A acção do Beto ao longo de muitos anos, uma “herança” do pai, António Eustáquio de boa memória, fundador da Associação é, como alguém diz, de profunda «generosidade, disponibilidade e constante boa disposição», o que «faz dele uma referência e um exemplo para todos nós».
Esta distinção da “Gota de Cristal” «reconhece uma vida de dedicação a uma causa nobre», pois o Beto «tem desempenhado um trabalho extraordinário em prol da dádiva de sangue, sensibilizando, mobilizando e inspirando tantas pessoas a ajudar o próximo», pois são pessoas como o Beto Eustáquio que «são uma inspiração e um exemplo de solidariedade» e que enchem o coração dos outros.

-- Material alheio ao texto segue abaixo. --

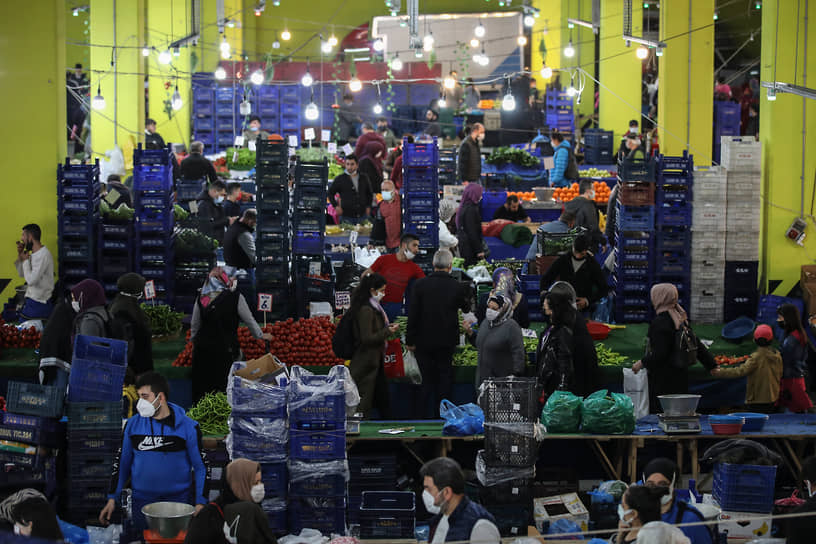 Стамбул, Турция. Люди покупают продукты на рынке в ожидании новых ограничений из-за пандемии коронавируса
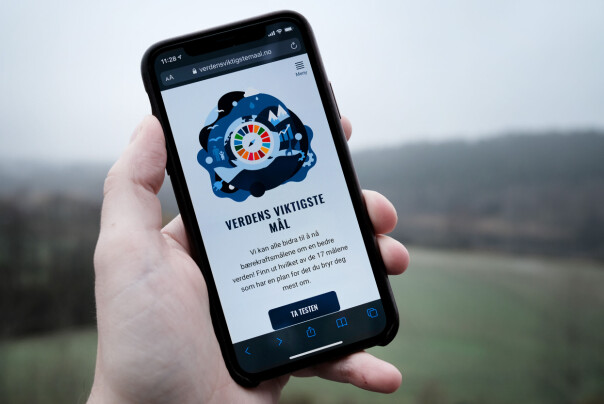 - Spørsmålene er bygd opp slik at du først får 9 spørsmål. Utifra disse 9 spørsmålene blir du plassert i ett av tre “kluster”, med vekt på enten klima, økonomisk eller sosial bærekraft. Deretter får du 15-17 spørsmål som tilhører “klusteret” du havnet i. Ut fra disse svarene får du til sist tildelt det bærekraftsmålet du scoret høyest på, forklarer mannen bak verdensviktigstemål.no. 📸: Ole Petter Baugerød Stokke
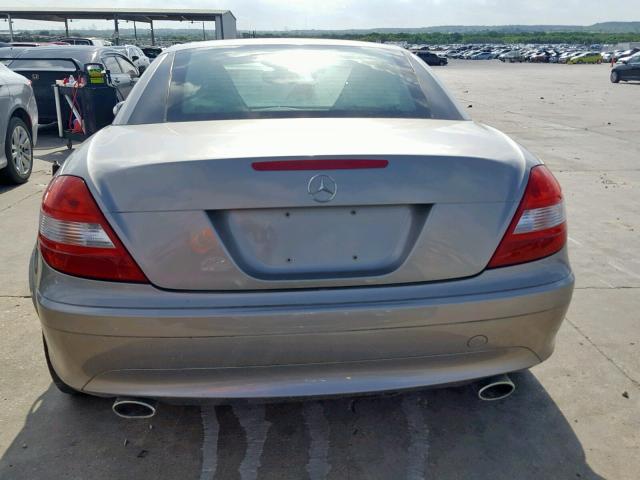 WDBWK54F56F092338 - 2006 MERCEDES-BENZ SLK 280 GRAY photo 6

Perguntámos ao Beto o que representa para si esta distinção da Federação Portuguesa de Dadores Benévolos de Sangue, ao que responde, com a simplicidade que o caracteriza, que «não gosto de falar de mim, porque se peca por excesso ou por defeito», assumindo que a dádiva de sangue, bem como todo o trabalho associativo, «não o faço para ser visto, mas é sempre agradável para qualquer pessoa que seja reconhecido por outros ou por uma instituição o que fez ao longo de décadas».
Em conversa com Beto Eustáquio, o presidente da Associação de Dadores conta que «a minha primeira dádiva de sangue aconteceu em 1980. Fi-lo a pedido de um amigo, cujo irmão iria ser submetido a uma intervenção cirúrgica que só poderia ser realizada se existisse a garantia de haver sangue de reserva disponível. Tratou-se daquilo a que se convencionou chamar uma dádiva dirigida.
Esse gesto solidário, que começou por uma necessidade concreta, transformou-se num compromisso de vida. Ao longo dos anos, fui fazendo as minhas dádivas de forma regular, consciente de que cada unidade de sangue poderia representar esperança e vida para alguém.
Em 2019, porém, foi-me diagnosticado um aneurisma cerebral. Julguei então que tinha chegado ao fim o meu percurso como dador de sangue. Aceitei essa realidade com serenidade, convencido de que a minha contribuição terminava ali.
Contudo, no início de 2026, os critérios de elegibilidade dos dadores foram revistos. Graças a essa alteração, tive a alegria de poder retomar as minhas dádivas. E foi com enorme surpresa e emoção que, ao regressar a este gesto de solidariedade, me foi comunicado que aquela era precisamente a minha centésima dádiva. Nunca imaginei, naquele já distante ano de 1980, que um pedido de ajuda de um amigo daria origem a um percurso tão longo e gratificante. Cem dádivas representam muito mais do que um número. Representam a convicção de que um simples gesto, repetido ao longo dos anos, pode fazer a diferença na vida de muitas pessoas. E essa é, sem dúvida, a maior recompensa que um dador pode receber, pese embora que o galardão que me foi atribuído pela FAS – Federação das Associações de Dadores de Sangue, a Gota Comendador Joaquim Moreira Alves, seja sempre um reconhecimento desse mesmo gesto».